Pakistan: Die Flut spült die Taliban nach oben

Ein Kommentar von Anja Clemens-Smicek zur Lage in Pakistan.

Die Dimension dieser Naturkatastrophe in Pakistan lässt sich in nüchternen Zahlen kaum fassen: tausende Tote, 14 Millionen Menschen auf der Flucht, Millionen Hektar Ackerflächen, die vernichtet sind. Als wäre dies allein nicht schon eine unvorstellbare Herausforderung für die Krisenhelfer, kämpfen in dem am schlimmsten betroffenen Gebiet auch noch die pakistanische Armee und Taliban-Rebellen um die Vormachtstellung. Das gefährliche Machtvakuum dort nutzen die Extremisten nun zu ihren Gunsten aus.

Jetzt rächt sich die Politik der Regierung, die vor den Islamisten mehr oder weniger kapituliert hat. Trotz der Großoffensive 2009 können die Taliban unbehelligt im überfluteten Swat-Tal operieren. Hilflos schaut Präsident Zardari zu, wie extremistische Gruppen das Land mit Anschlägen überziehen und die Gesellschaft zunehmend radikalisieren. Während die Flut die schwache Regierung überrollt, spült sie die Taliban nach oben.

Von einer demokratischen Regierung sollte man erwarten, dass sie alle Ressourcen mobilisiert, um den Notleidenden zu helfen. Doch Zardari konnte sich nur schwer dazu durchringen, seine Europatour abzubrechen. Der Zorn der Bevölkerung kommt den Terrororganisationen zugute, die sich seit langem eigene Wohlfahrtsorganisationen halten. Weil Islamabad keinen Katastrophenplan hat, springen diese in die Versorgungsbresche, denn sie wissen: Wer trauert, hungert und alles verloren hat, erliegt schnell den Parolen und Versprechungen der Islamisten.
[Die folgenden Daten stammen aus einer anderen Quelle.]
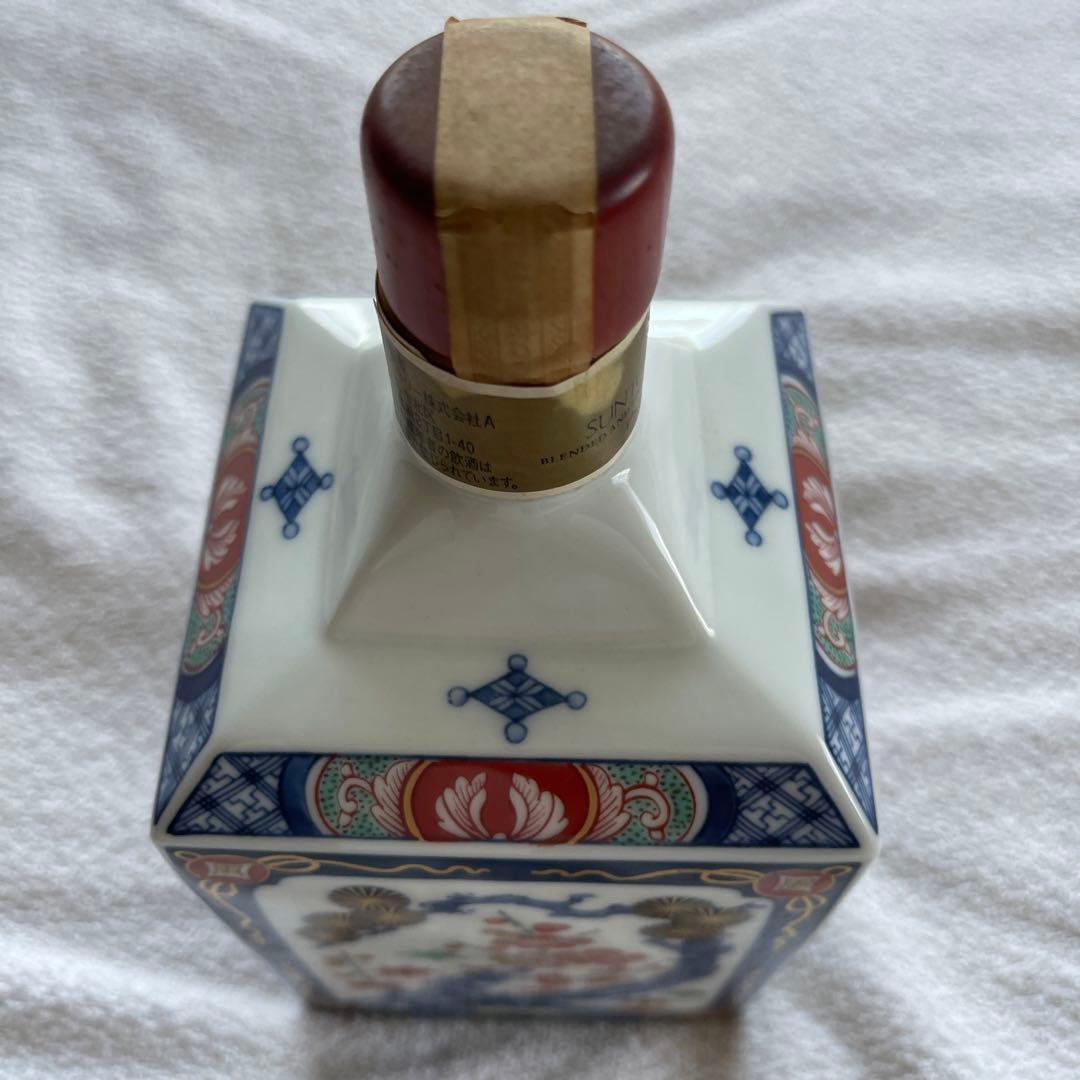 サントリーウィスキー有田焼染錦松竹梅寅文角型瓶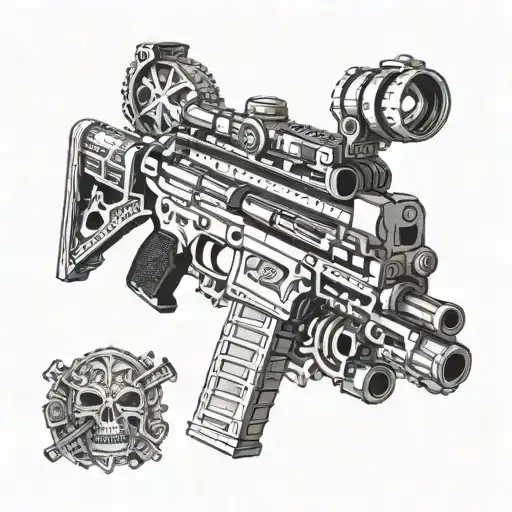 skull wicht rifle ar15 assault rifle tattoo design idea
Diese Methode funktionierte schon beim verheerenden Erdbeben 2005. Auch damals wurden Hilfsgüter und politische Botschaften quasi im Gesamtpaket verteilt. Letztlich untermauern die Gotteskrieger mit ihrer zynischen Aufforderung an die Regierung, die notwendige Hilfe aus dem Ausland auszuschlagen, ihren eigenen Machtanspruch.
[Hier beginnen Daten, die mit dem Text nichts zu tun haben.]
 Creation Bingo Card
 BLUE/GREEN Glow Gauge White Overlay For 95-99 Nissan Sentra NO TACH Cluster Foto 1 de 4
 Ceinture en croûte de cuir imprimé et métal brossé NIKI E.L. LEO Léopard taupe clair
Eine Destabilisierung des fragilen Atomstaates hätte aber mit Blick auf die Lage im benachbarten Afghanistan oder in Indien unkalkulierbare Folgen. Deswegen führt an einer effektiven Hilfe des Westens kein Weg vorbei. Die Islamisten sind dabei, die Herzen und Köpfe der Menschen zu gewinnen, die Zardari verloren hat. Es ist ein Wettlauf gegen Flut, Elend und Zerstörung, aber auch ein Wettlauf gegen die Taliban.